Moreover, our findings showed that the feeling of worry and isolation of the family caregivers of people suffering from dementia has been affected by the compassion-based program and the intensity of the feeling of worry and isolation in the experimental group compared with the control group has been reduced at the post-test and follow-up stages. Navab et al. (1390) reported that intensified feeling of isolation in this group of family caregivers could be due to fact that the caregivers are engaged in caring of the patients and as a result their effective communications with friends and relatives is reduced and they are sometimes forced to be deprived of professional and social activities. Thus, their material and mental support is reduced and the feeling of isolation is intensified [12] and these factors have been justified in the present study.

For the long-term effects of the compassion-based program on family caregivers’ grief experience, the present results showed that although the average grief experience in the experimental group, unlike the control group, reduced in follow-up compared to the pre-test, comparing the mean of post-test and follow-up showed that effects of the compassion-based program at the follow-up stage have been reduced compared to the post-test regarding the grief experience and all its fields.
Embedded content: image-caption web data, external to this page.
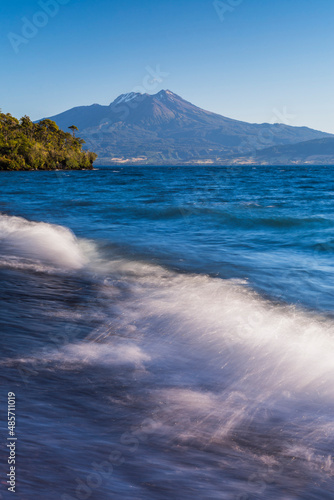Calbuco Volcano at sunset, seen from a beach on Llanquihue Lake, Chilean Lake District, Chile, South America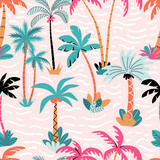 Seamless pattern with abstract palm trees
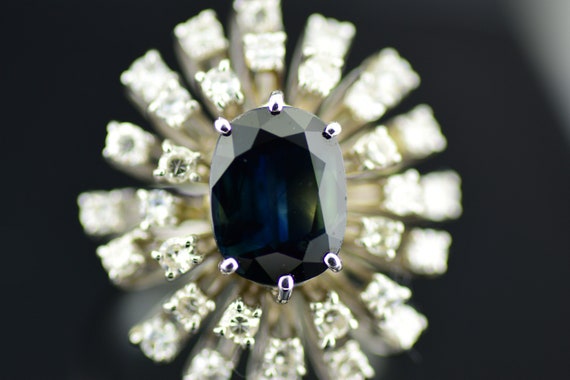 Exquisite 18k Blue Green Sapphire Diamond Starbur… - image 7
The results of the present study are consistent with a study by Ghaffarian and Khayatan (2015) entitled “effects of compassion-based therapy on self-concept and self-expression of female high school students” which showed the effect of compassion-based therapy on their expression was significant only in the post-test stage, but this effect was not significant in the one-month follow-up and had no significant effect on the self-concept of female students [41]. Unlike the present study, in a study by Shariati et al. (2016), compassion-based therapy had an effect on reducing students’ depression and self-criticism and this effect continued until the follow-up period [40]. In a study by Wagner et al. (2006), the effects of cognitive-behavioral intervention on grief were maintained until three months after the intervention [28]. According to the above results, reducing the effects of the program in the long time can be due to various factors that need further studies.

Limitations

In this study, there were limitations such as unclear mental and physical health of the samples when completing the questionnaires and the limited sample group to a province. Therefore, due to the difference in the culture regarding the understanding of concepts such as compassion, generalizing the study results should be done with caution.

Suggestions

Since the compassion-based program in the present study had a significant effect on the existing content and structure, researchers can conduct further studies to alleviate grief experience of this group of family caregivers. Clinically, family caregivers can be examined for grief experience from the time of admission of people suffering from dementia in care centers or related communities, and if there is a problem, they can be helped using interventions such as the compassion-based program. This intervention for family caregivers of people suffering from dementia or other family caregivers of people with other chronic diseases can reduce care complications of family caregivers, increase the quality of care provided to patients and reduce treatment-care costs.

Conclusion

Finally, the results of the present study showed that the compassion-based program could improve grief experience in all fields for family caregivers of people suffering from dementia. In addition, according to the study results, the effects of the compassion-based program have been reducing after 1 month, so the long-term effects of this program should be further studied.